5. Disclosure on page 5 of your Form 10-K states that your environmental expenditures have not been and are not expected be material. Please tell us about and quantify capital expenditures for climate-related projects for the periods covered by your Form 10-K and amounts you expect to incur in future periods.

Response

In the fiscal years ended December 31, 2019, 2020 and 2021, PMI’s total annual capital expenditures were $0.9 billion, $0.6 billion, and $0.7 billion, respectively. PMI’s capital expenditures for climate-related projects, which we define as capital expenditures made with the direct or indirect purpose of reducing carbon emissions, primarily consisted of expenditures on energy saving initiatives and environmental expenditures in our manufacturing processes. During the three fiscal years ended December 31, 2021, our climate-related capital expenditures ranged from approximately 1% to 2.7% of total annual capital expenditures, which we considered to be immaterial. Under PMI’s current plans, climate change-related capital expenditures for the fiscal year ending December 31, 2022, are expected to be approximately 2% of total capital expenditures. We will continue to monitor our climate-change related expenditures and will update disclosures accordingly in future filings if such activity has a material impact on our business, financial condition or results of operations.
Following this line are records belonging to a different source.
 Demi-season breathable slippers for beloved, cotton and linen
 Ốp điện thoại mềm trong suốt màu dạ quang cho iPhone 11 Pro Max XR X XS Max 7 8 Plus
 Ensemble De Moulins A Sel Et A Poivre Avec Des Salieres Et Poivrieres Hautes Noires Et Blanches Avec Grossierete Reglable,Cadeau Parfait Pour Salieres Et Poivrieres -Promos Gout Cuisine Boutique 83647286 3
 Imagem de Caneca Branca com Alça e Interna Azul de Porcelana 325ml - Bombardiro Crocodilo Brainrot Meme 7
6. To the extent material, discuss the indirect consequences of climate-related regulation or business trends, such as the following:
• decreased demand for goods or services that produce significant greenhouse gas emissions or are related to carbon-based energy sources;
• increased demand for goods that result in lower emissions than competing products;
• increased competition to develop innovative new products that result in lower emissions;
• increased demand for generation and transmission of energy from alternative energy
sources; and
• any anticipated reputational risks resulting from operations or products that produce material greenhouse gas emissions.

Response

We respectfully advise the Staff that, while we considered numerous actual and potential trends and scenarios in connection with our risk and disclosure assessments, some of which may relate to climate change, we do not believe that we have experienced any known indirect consequences of climate-related regulation or business trends that have been material to PMI for the periods reported in the Form 10-K.
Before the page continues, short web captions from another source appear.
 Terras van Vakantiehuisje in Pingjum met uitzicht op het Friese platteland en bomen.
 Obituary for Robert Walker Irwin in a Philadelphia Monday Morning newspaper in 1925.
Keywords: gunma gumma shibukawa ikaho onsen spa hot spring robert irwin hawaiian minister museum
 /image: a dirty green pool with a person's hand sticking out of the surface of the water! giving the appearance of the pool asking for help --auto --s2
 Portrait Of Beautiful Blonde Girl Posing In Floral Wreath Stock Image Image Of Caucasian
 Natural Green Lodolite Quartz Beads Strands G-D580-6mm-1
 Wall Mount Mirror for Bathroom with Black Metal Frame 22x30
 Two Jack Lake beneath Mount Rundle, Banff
For example, during 2020 and 2021, PMI carried out eleven large-scale surveys with approximately 15,500 of our consumers addressing the sustainability of our products. Results indicated that environmental considerations were highly appreciated, with consumers responding positively to a number of environmentally conscious initiatives, including device repair, refurbishment, reuse, and recycling; post-consumer waste management programs; and packaging reduction. While some of these initiatives are related directly or indirectly to climate-change, based on our extensive sales experience we believe that the aspects of our products most important in increasing or decreasing consumer demand include product quality, taste, brand loyalty, brand recognition, product innovation, and retail price. Consistent with these observations and results, as of the period reported in the Form 10-K, we had not seen a material decrease in demand for goods or services that produce significant greenhouse gas emissions or are related to carbon-based energy sources. We had also not seen materially increased demand for goods that result in lower emissions than competing products.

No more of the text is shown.